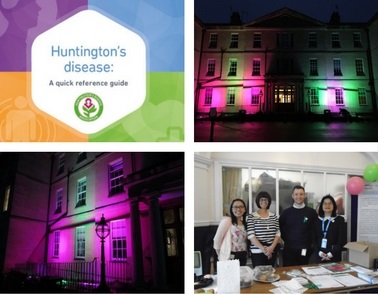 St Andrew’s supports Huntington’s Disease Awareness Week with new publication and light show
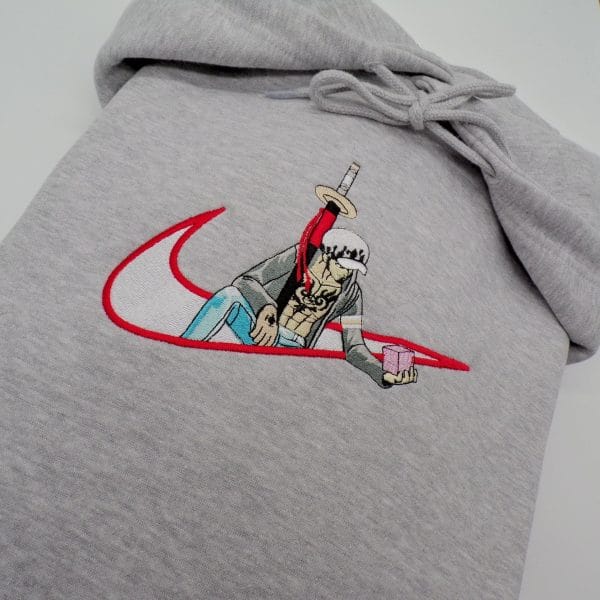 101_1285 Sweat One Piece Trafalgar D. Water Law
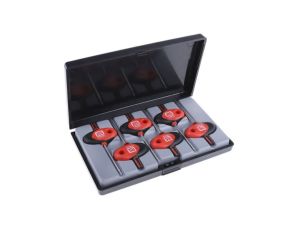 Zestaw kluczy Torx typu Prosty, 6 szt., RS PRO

------------------------------

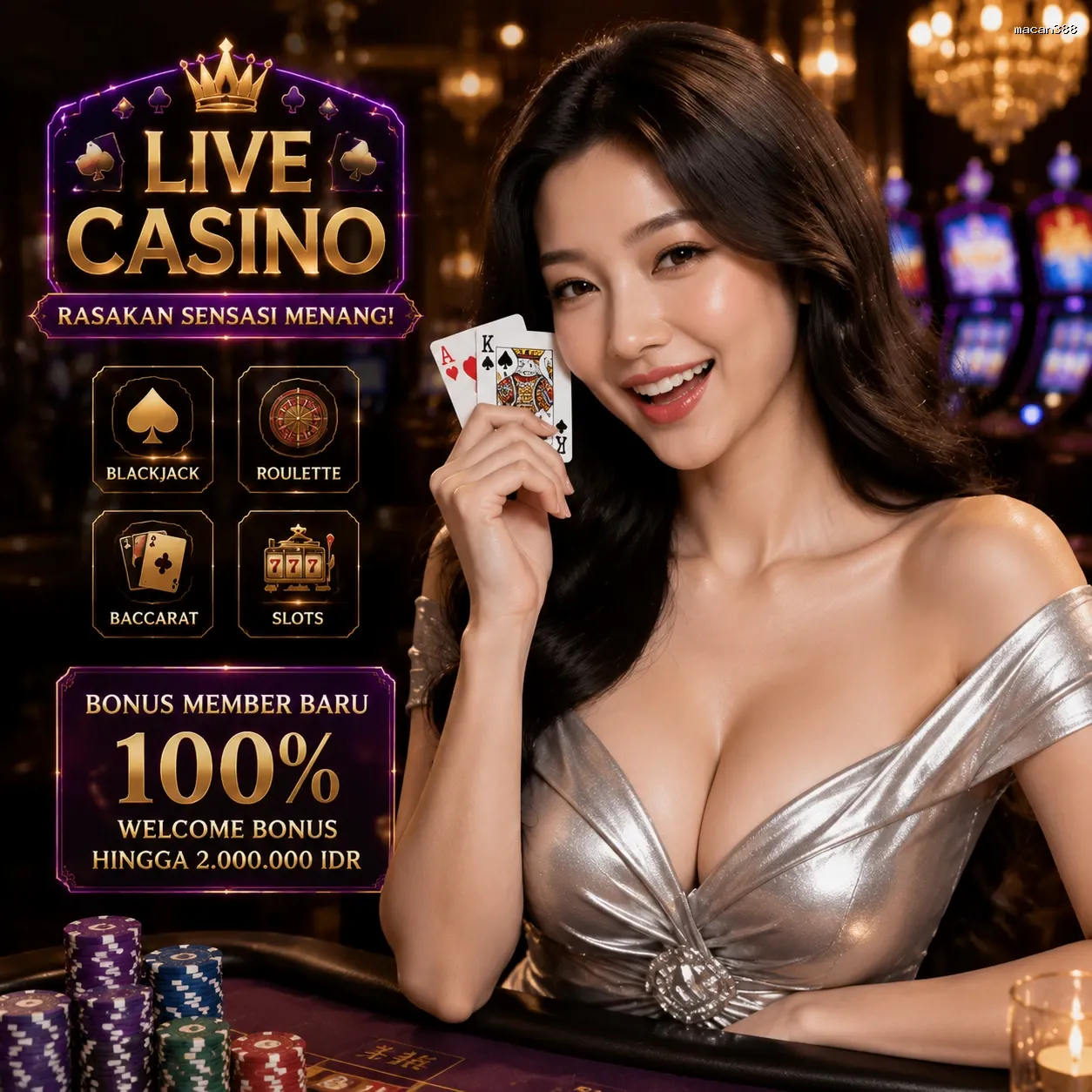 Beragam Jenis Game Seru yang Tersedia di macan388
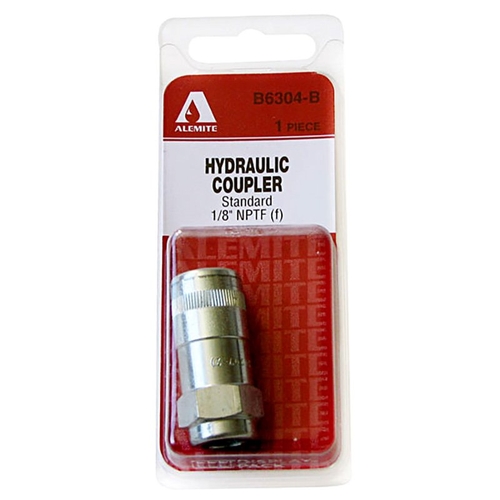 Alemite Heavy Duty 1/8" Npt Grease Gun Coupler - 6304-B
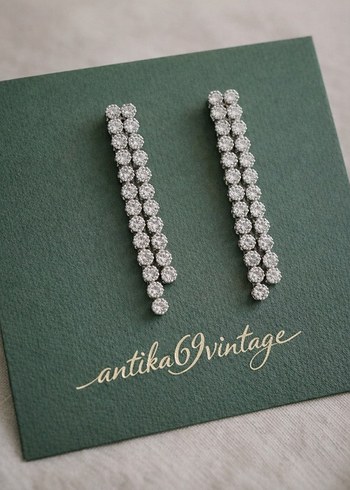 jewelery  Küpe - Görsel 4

------------------------------

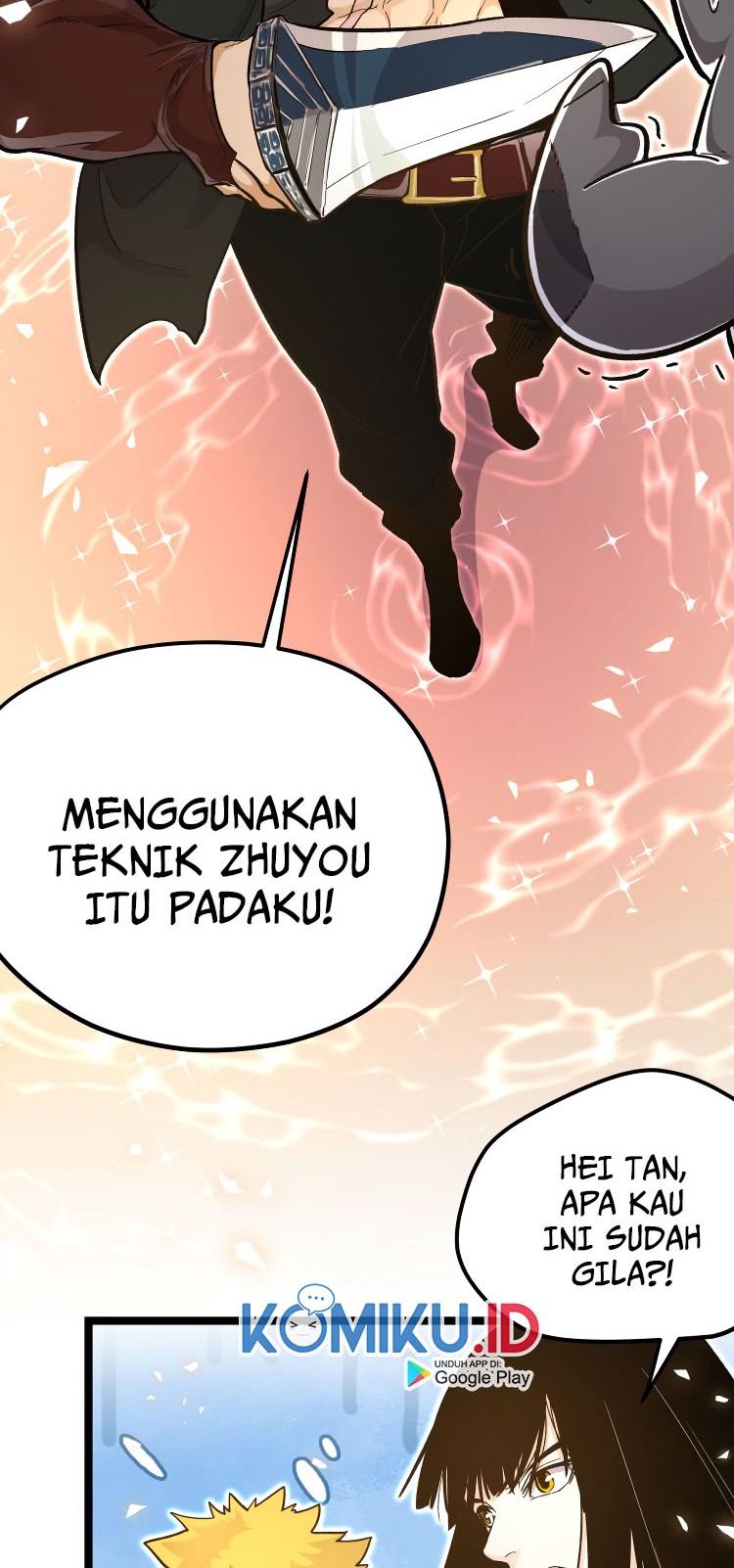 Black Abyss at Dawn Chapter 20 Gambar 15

------------------------------

▸ EXERCISE DESCRIPTION
What you return from the records above should be exactly everything from the line with "St Andrew’s supports" down to the line with "Zestaw kluczy Torx", both kept, and no pictures.

▸ TASK RESULT
 St Andrew’s supports Huntington’s Disease Awareness Week with new publication and light show
 101_1285 Sweat One Piece Trafalgar D. Water Law
 Zestaw kluczy Torx typu Prosty, 6 szt., RS PRO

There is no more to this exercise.